Corruption is rampant in every segment of politics, the corporate world, and probably even in the military. 

But I agree that if our guys could just go out there and use their training and kick butt, they'd win. Even over gangs, though that would be a heck of a battle.


----------



## Jarhead0311 (Sep 17, 2010)

townparkradio said:


> Less rap music and movies of the week, more reality. Your average gang member is no more coasting from one high to the next than your average Montana resident is running around with Nazi tattoos, snorting meth and having sex with his sister. It's tribalism like it's always been practiced, simply in an urban environment.
> 
> And if you armed soldiers and sent them with declared war intent into the turf these gang members have spent their lives learning the ins and outs of, you'd better bring a few hundred soldiers per dozen desperate folks violently defending their home. Guerrilla warfare on home turf has always caused far higher casualties against the invading force and your belief that everyone showing colors is the same as the 13 year old kids playing make believe in your neighborhood won't change that core truth.
> 
> ...


*And if you armed soldiers and sent them with declared war intent into the turf these gang members have spent their lives learning the ins and outs of, you'd better bring a few hundred soldiers per dozen desperate folks violently defending their home. *
In the debacle that became know as "Black Hawk Down"even though the Rangers were badly outnumbered 1000 Somalis died and only 19 American GIs lost their lives in the conflict. The Somalis were much better armed than any American "gang". Look what happened in Desert Storm when the American military was turned loose.


----------



## NaeKid (Oct 17, 2008)

Jarhead0311 said:


> In the debacle that became know as "Black Hawk Down"even though the Rangers were badly outnumbered 1000 Somalis died and only 19 American GIs lost their lives in the conflict.

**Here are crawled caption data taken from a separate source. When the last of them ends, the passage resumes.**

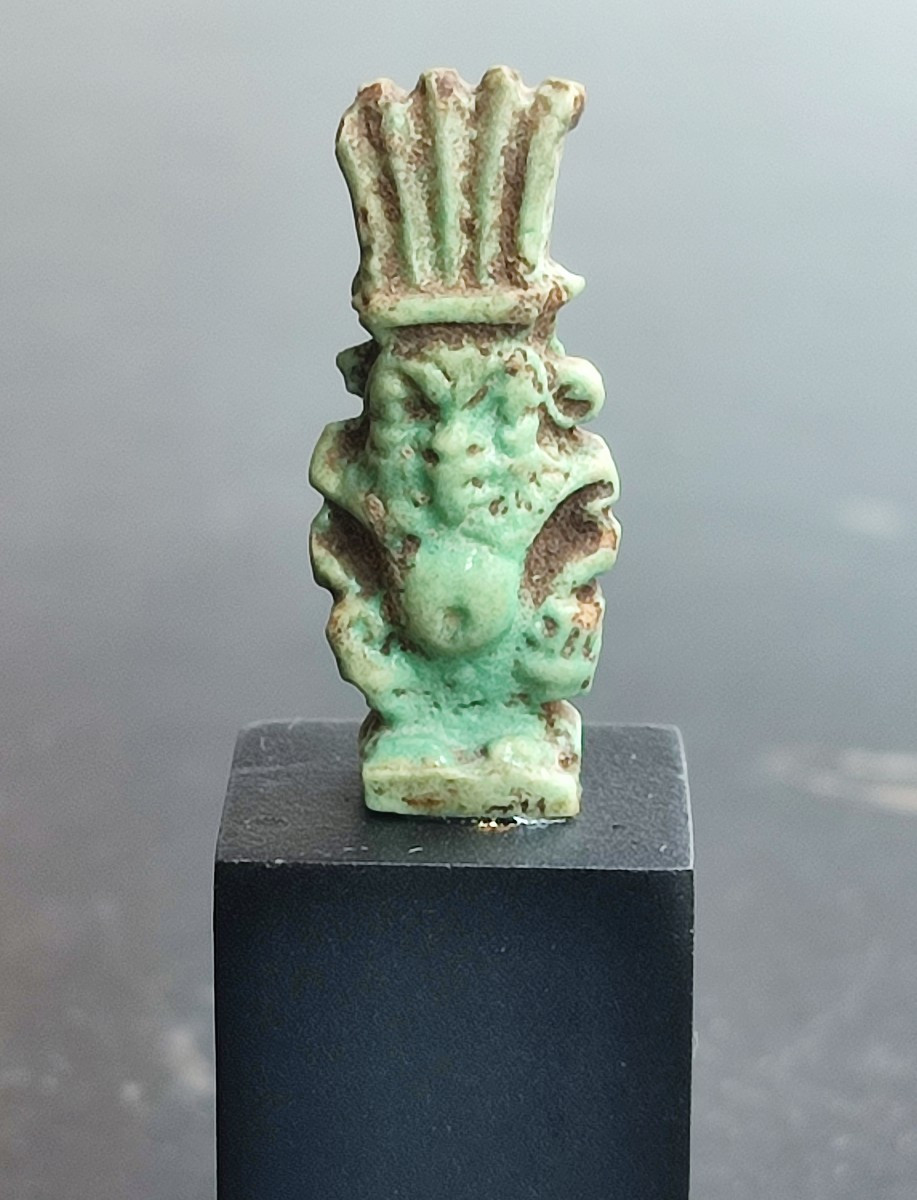 God Bes, Amulet From Late Period Egypt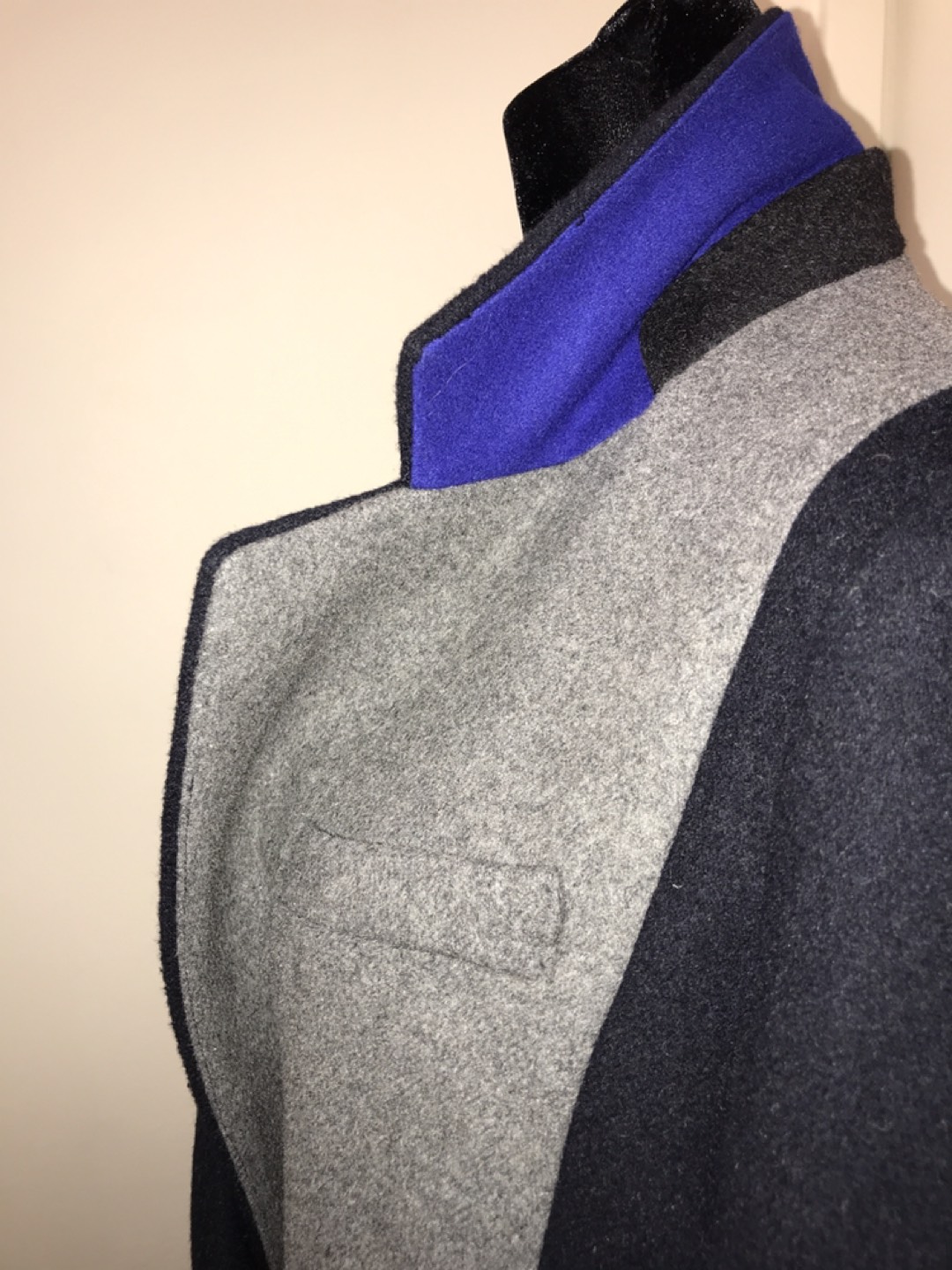 Dawn Levy wool blend car coat, dark navy - photo 5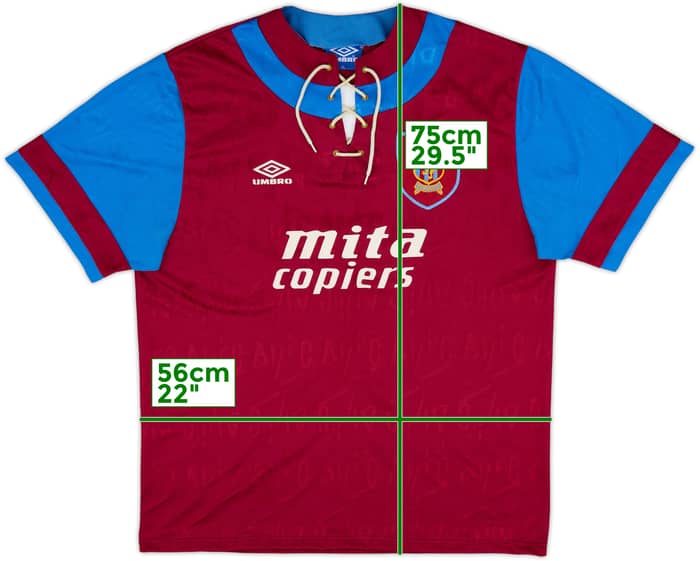 1992-93 Aston Villa Home Shirt - 8/10 - (XL)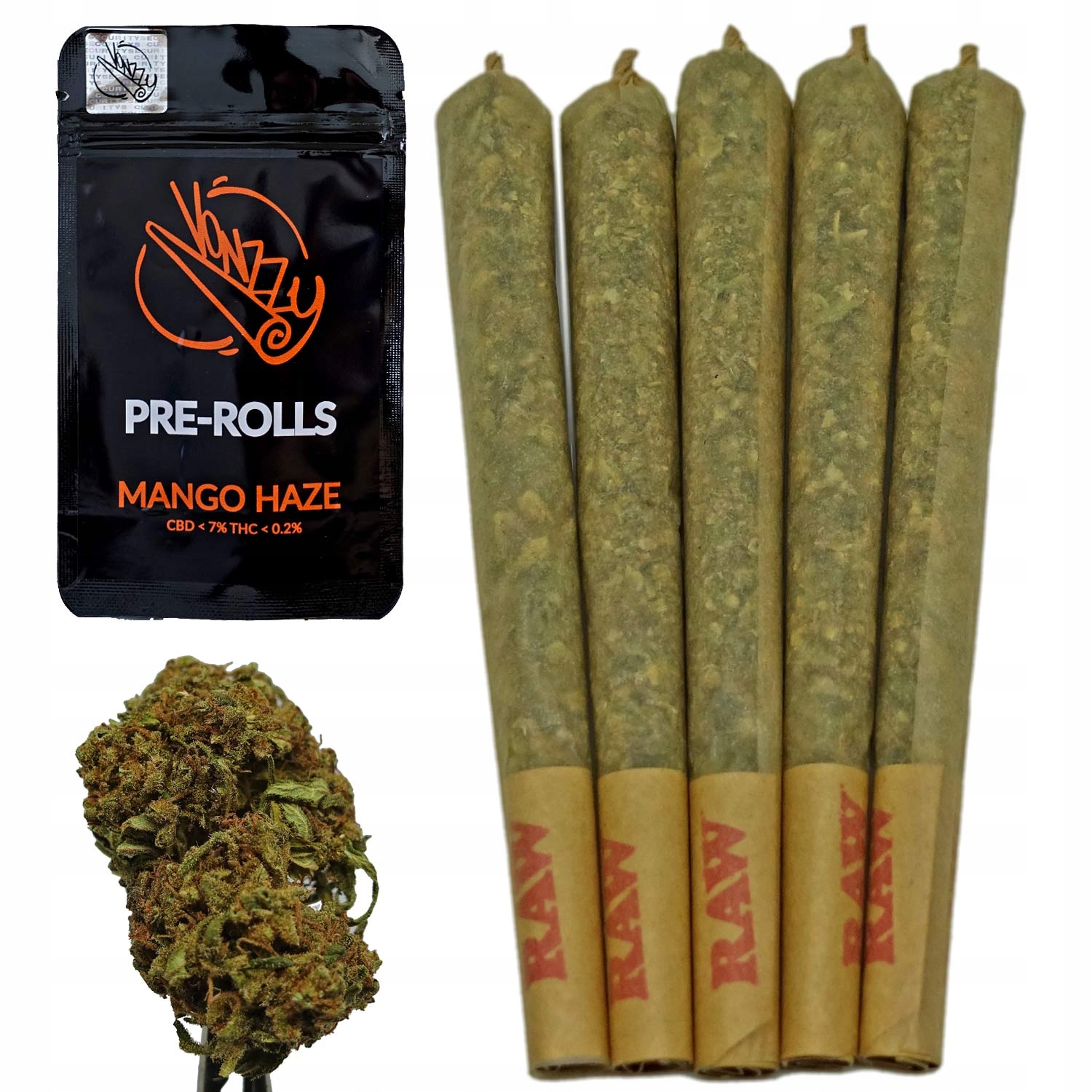 CBD - 5x Joint CBD Vonzzy Mango Haze Twist SUSHI CBD
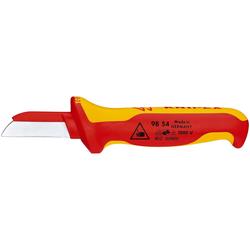 Knipex Kabelmesser isolierender Mehrkomponenten-Griff, VDE-geprüft 190 mm (SB-Karte/Blister) Nr. 98 54 SB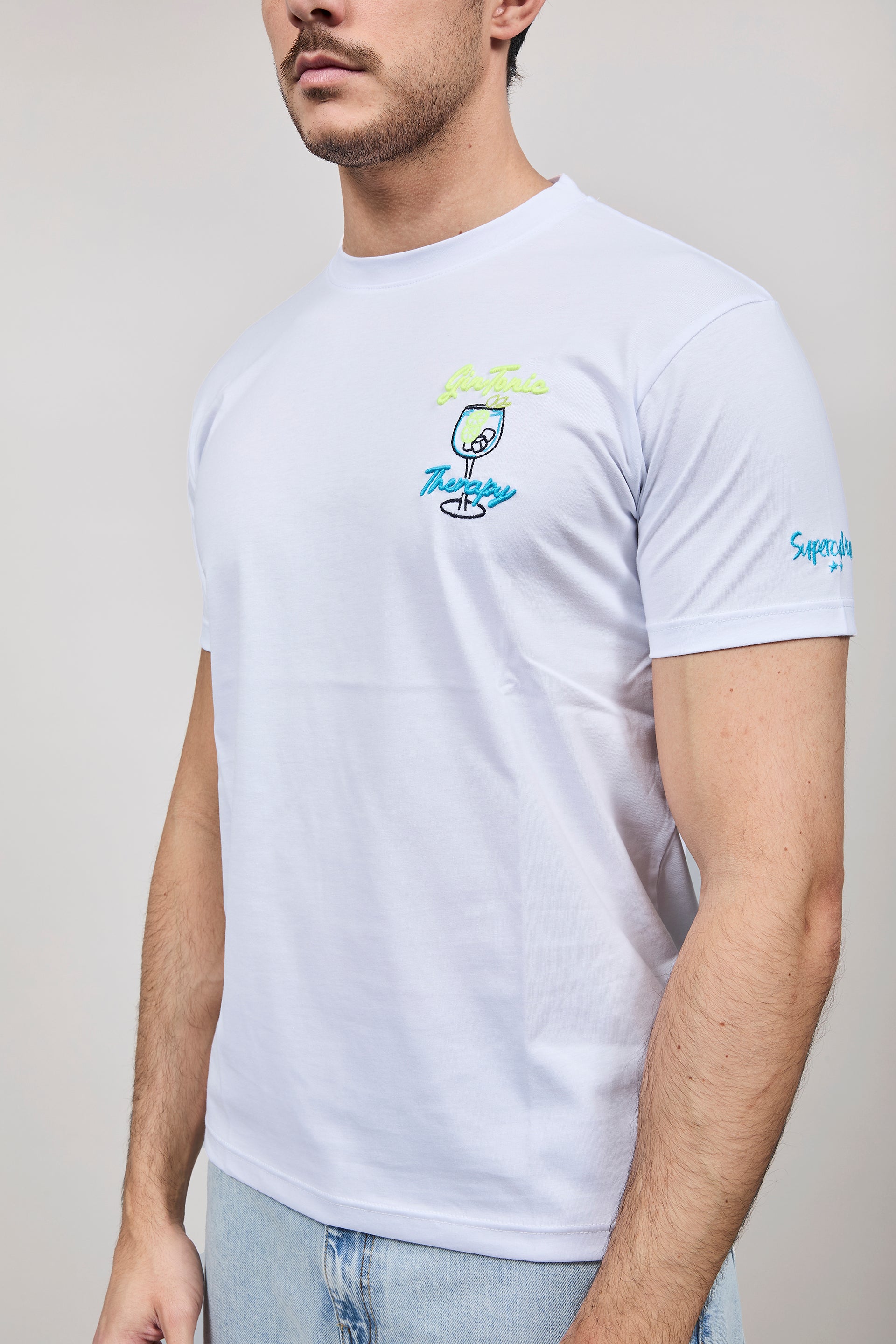 T-shirt Superculture Bianca A1839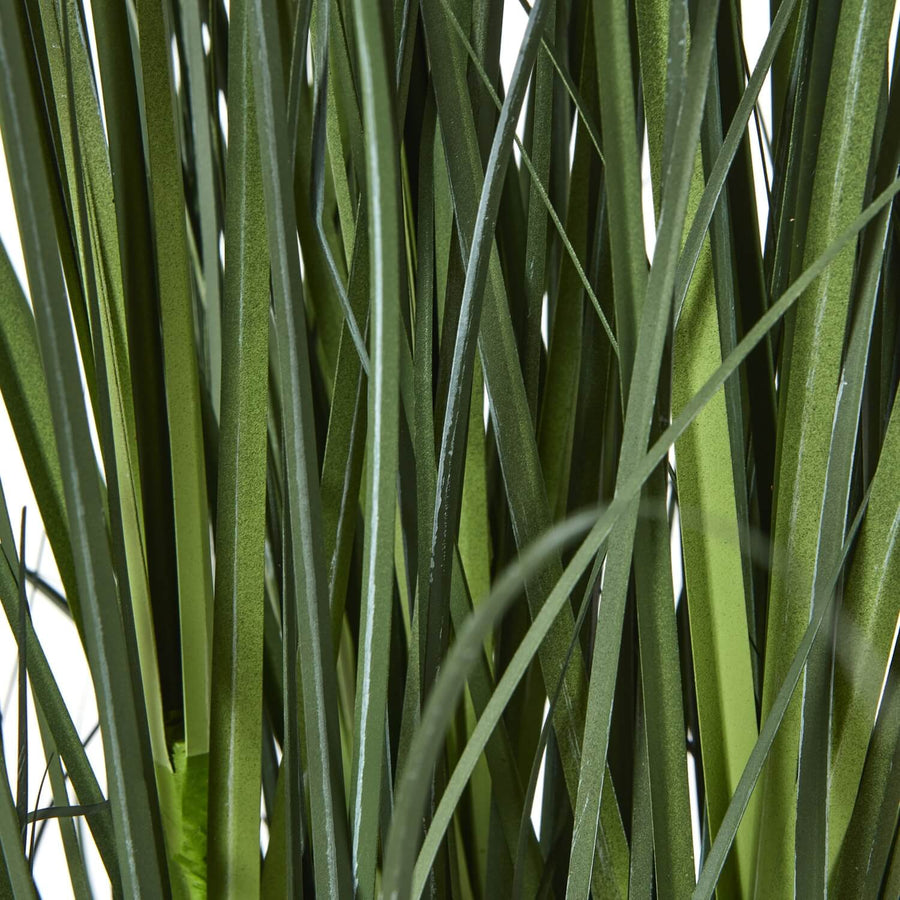 Vibrant blue artificial Agapanthus africanus with lush green foliage in a pot, lifelike faux African lily plant. by Sostter at brixbailey.com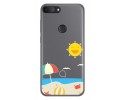 Funda Gel Transparente para Alcatel 1S 2019 diseño Playa Dibujos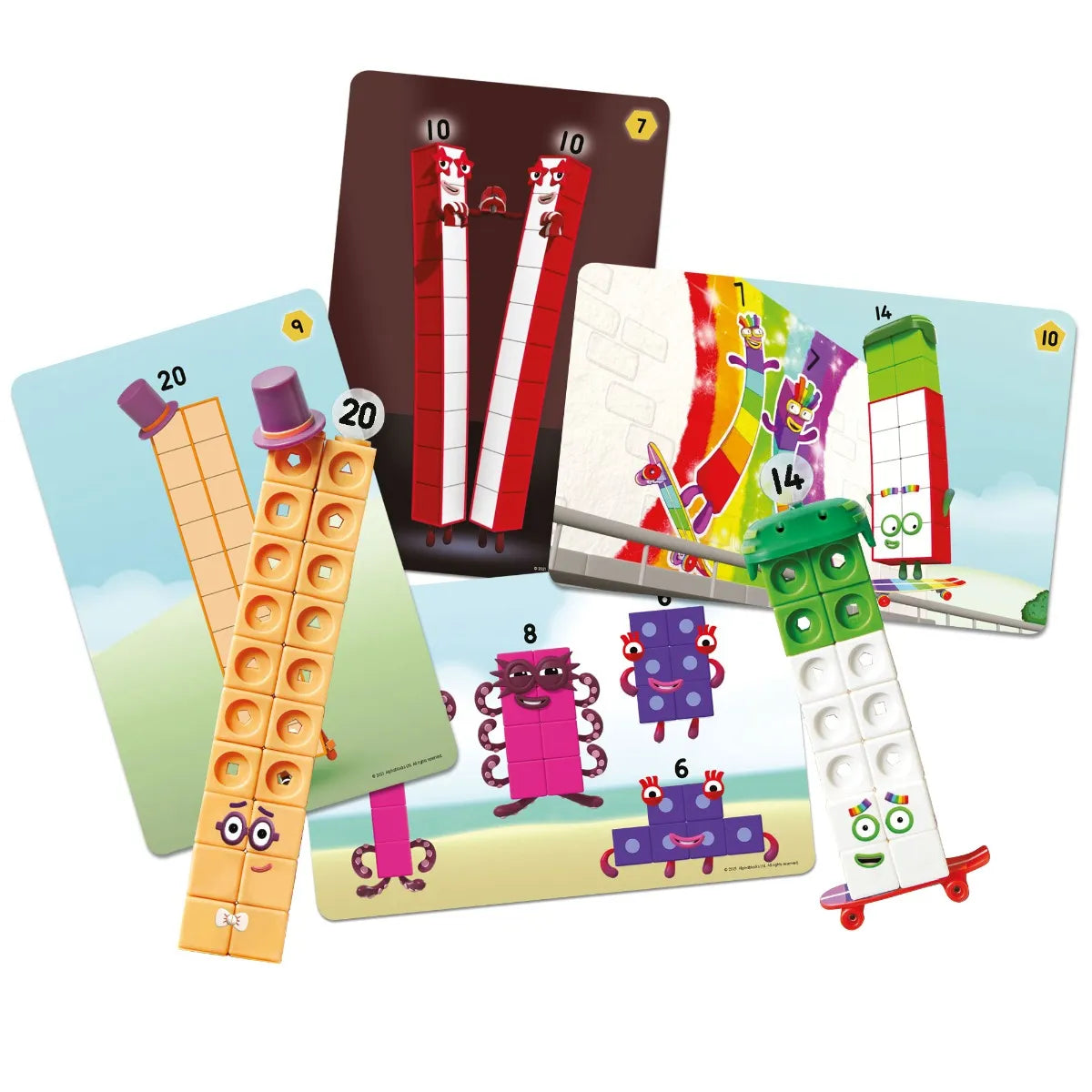 Buy Learning Resources MathLink Cubes Numberblocks 11 to 20 Activity Set | Yallatoys.com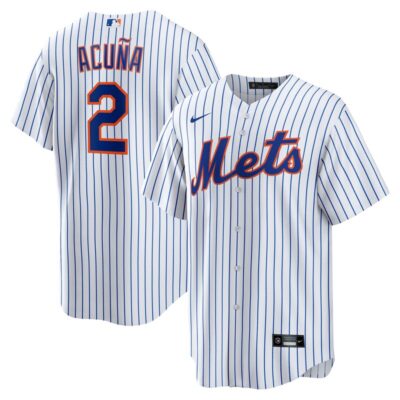 Luisangel Acuna New York Mets Home Replica Player Jersey - White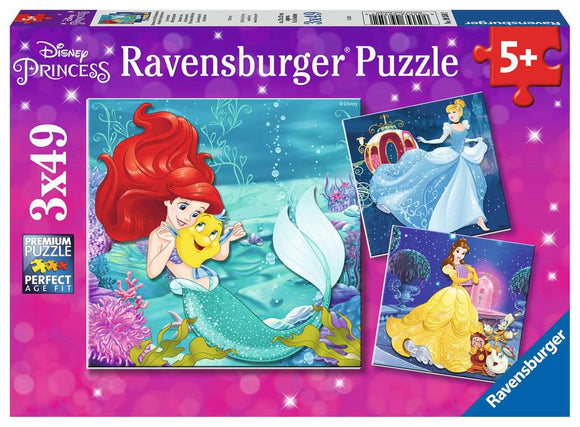 Ravensburger 3x49pc Puzzle 09350 Princesses Adventure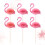 Flamingo Cake Toppers 3D Tropical Decoration 20 pcs 6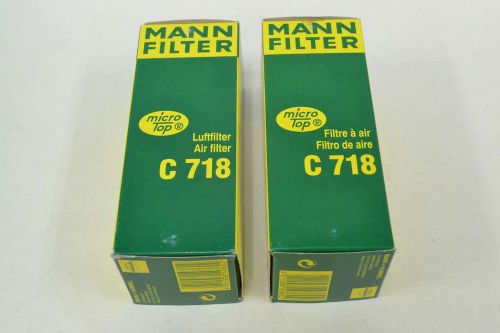 Lot 2 mann c718 micro-top 171mm 10mm pneumatic vacuum air filter element b365909 for sale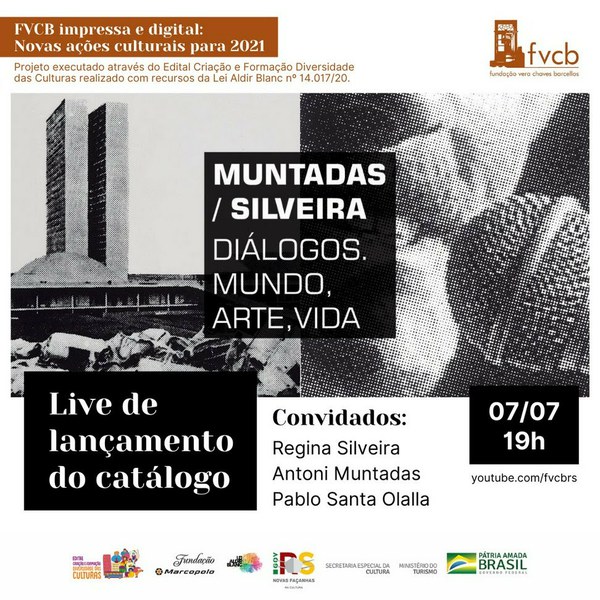 Lançamento de catálogo com Antoni Muntadas, Regina Silveira e Pablo Olalla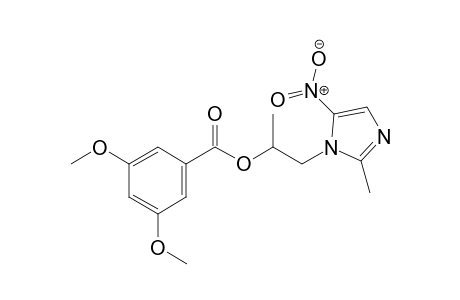 1-(2'-Methyl-5'-nitro-1'H-imidazol-1'-yl)propan-2-yl-3",5"-dimethoxybenzoate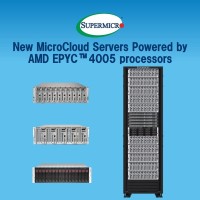 Supermicro、AMD EPYC™ 4005シリーズプロセッサー搭載の新型MicroCloudで軽量エントリークラス向けマルチノードソリューションを提供、サーバーインスタンスあたりクラス最高のコスト効率と密度を実現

The Somalis were much better armed than any American "gang". Look what happened in Desert Storm when the American military was turned loose.


Turned loose, yes, alot of good (or bad depending on your point of view) can be done quickly. But, I believe that the gist of this message is that, do not underestimate groups of people that have a different moral-code than yourself.

*I cannot in good conscience kill someone, but, if I killed that conscience first, there is no problems killing others as well.* Many of the "gang-bangers" have already killed their conscience, have you, or you, or even you (yes, I am even talking to myself in those "you's").

Hunting for meat (deer) is different from killing your own pet which is different again from killing another person. I can pull the trigger on a deer, I could not pull the trigger on my dog, and, god forbid the day that I need to pull the trigger on another person.


----------



## UncleJoe (Jan 11, 2009)

NaeKid said:


> Hunting for meat (deer) is different from killing your own pet which is different again from killing another person. I can pull the trigger on a deer, *I could not pull the trigger on my dog,* and, god forbid the day that I need to pull the trigger on another person.


The hunting aspect I'm believe most of us here are comfortable with. The next step, the killing of a "pet", well, I was put in that position this past summer. One of the barn cats, which have food available 24/7, decided that our chickens were fair game which seemed odd because the cats have always been afraid of the chickens. 
One morning I was outside and heard a ruckus in the coop. I thought we had another fox. I looked out to see "Alice" climbing out of the run on one of the wooden corner posts with a chicken in her mouth. I didn't give it a second thought. Alice was terminated just like any other predator. 
As Naekid said, I hope the day never comes that I need to decide whether to terminate a 2 legged predator.


----------



## horseman09 (Mar 2, 2010)

UncleJoe, I know what you mean. It's not pleasant, but ya gotta do what ya gotta do.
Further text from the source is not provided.